More often than not at some point during our game my competitive streak would start to show - if the answer to a question was plural and you forgot the "s" or, god forbid, the answer was possessive (Thomas Jefferson's) and you didn't answer in the possessive tense (Thomas Jefferson) there was no way I was giving you credit for your answer.  If we were playing Scrabble and I was losing badly I would claim there was an earthquake and shake the board to disrupt the tiles (yes, I was, at the time, well over the age of five).

Seriously, I was super fun to play with, or so I thought.  At some point, and don't remember when (although I am sure my friends can clearly recall), I realized I was not so fun to play with. 
I was annoying and ridiculous. 
So, over the years I have blunted my competitive edge.  I try to enjoy the game and the people and the time spent together, not just the end result of having been victorious. 

But it still simmers beneath the surface.  It still bubbles up when I am losing badly, or at the sidelines of one of the girls' sporting events, and I try actively to push it down.

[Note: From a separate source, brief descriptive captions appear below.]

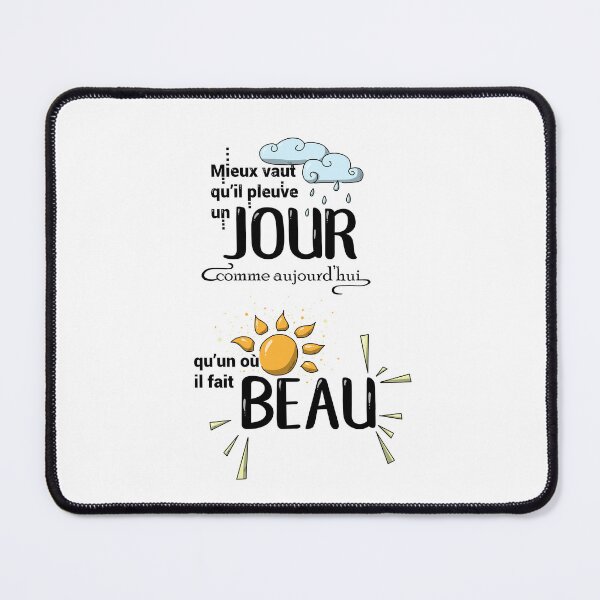 Item preview, Quote: It's better if it rains... designed and sold by GribouillStreet.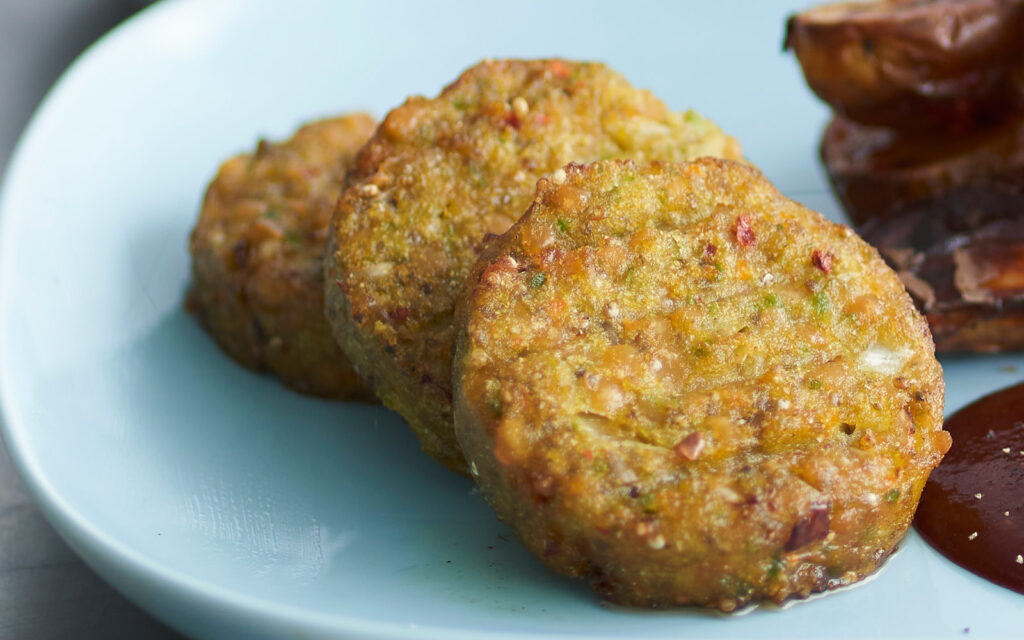 Närbild på Lecora Grönsaksbiff Crispy Chili
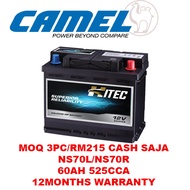 Camel Hitec MF NS70L NS70R 80D26L 60Ah 525CCA 12Months Warranty
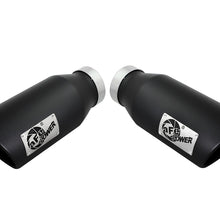 AFE Large Bore-HD 4 IN 409 Stainless Steel DPF-Back Exhaust System w/Black Tip (Ford Diesel Trucks 15-16 V8-6.7L (td)) - 49-43122-B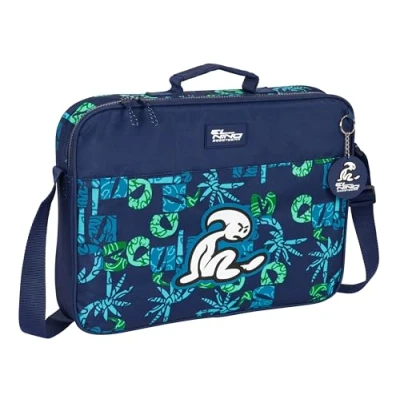 Afbeelding van Schooltas El Niño Glassy Marineblauw 38 x 28 6 cm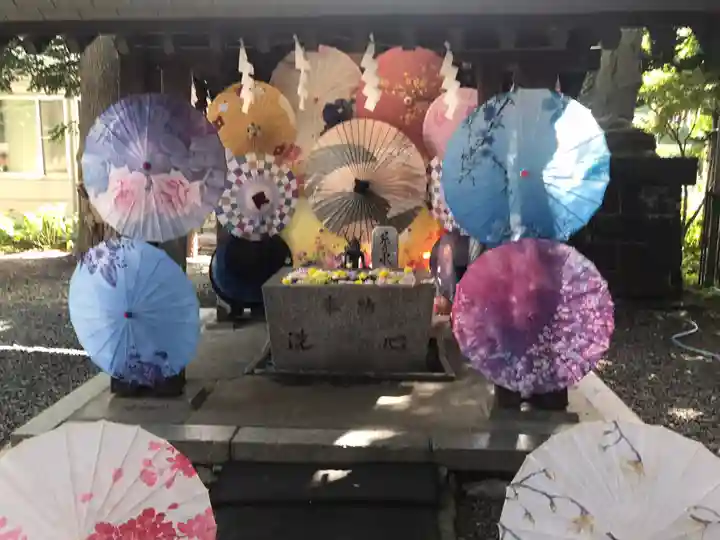 札幌諏訪神社の手水舎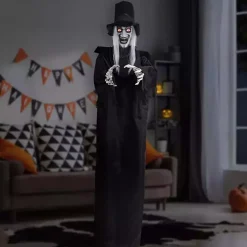 Animated Hanging Vampire Halloween Décor, 6 ft.
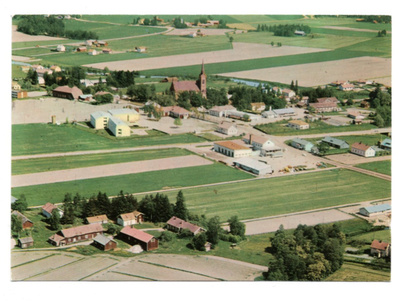Eura: ilmakuva (Tmi Karhumäki n:o 739, väri),kirkko
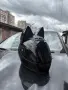 Черна мото каска с уши, снимка 1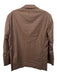 Ted Baker Brown Wool & Silk Blend 2 Button Men's Suit Brown / 38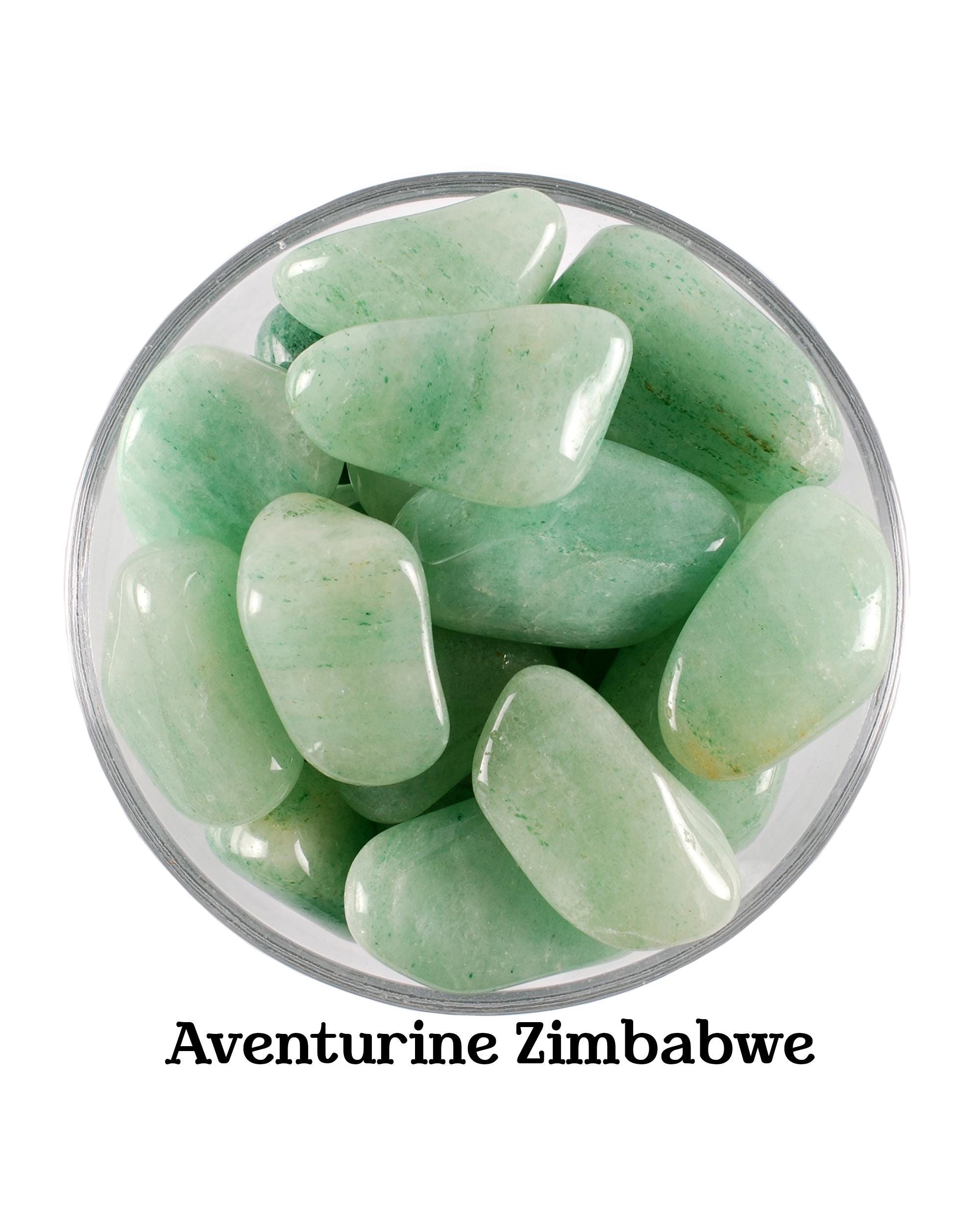 Aventurine Zimbabwe Tumbled Stone, Rare African Gemstone, Natural Green Prosperity Crystal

This trait, however, I have unfortunately passed along to my kids.  Not in sports, they don't care if they win or lose (much to my dismay) but in game playing :

Headbandz, Beat the Parents, Memory, Go Fish, Fairy Queen, Sequence... I hear all sorts of trash talking from my nine and four year old.  Addison loves to gloat rather emphatically when winning and Brenna has informed all of us that it's "no fun unless you win".  Apparently, without even trying I managed to pass along one of my many flaws.
Eh, I guess it's just one of the many things I am bound to wrong over the next decades of parenting....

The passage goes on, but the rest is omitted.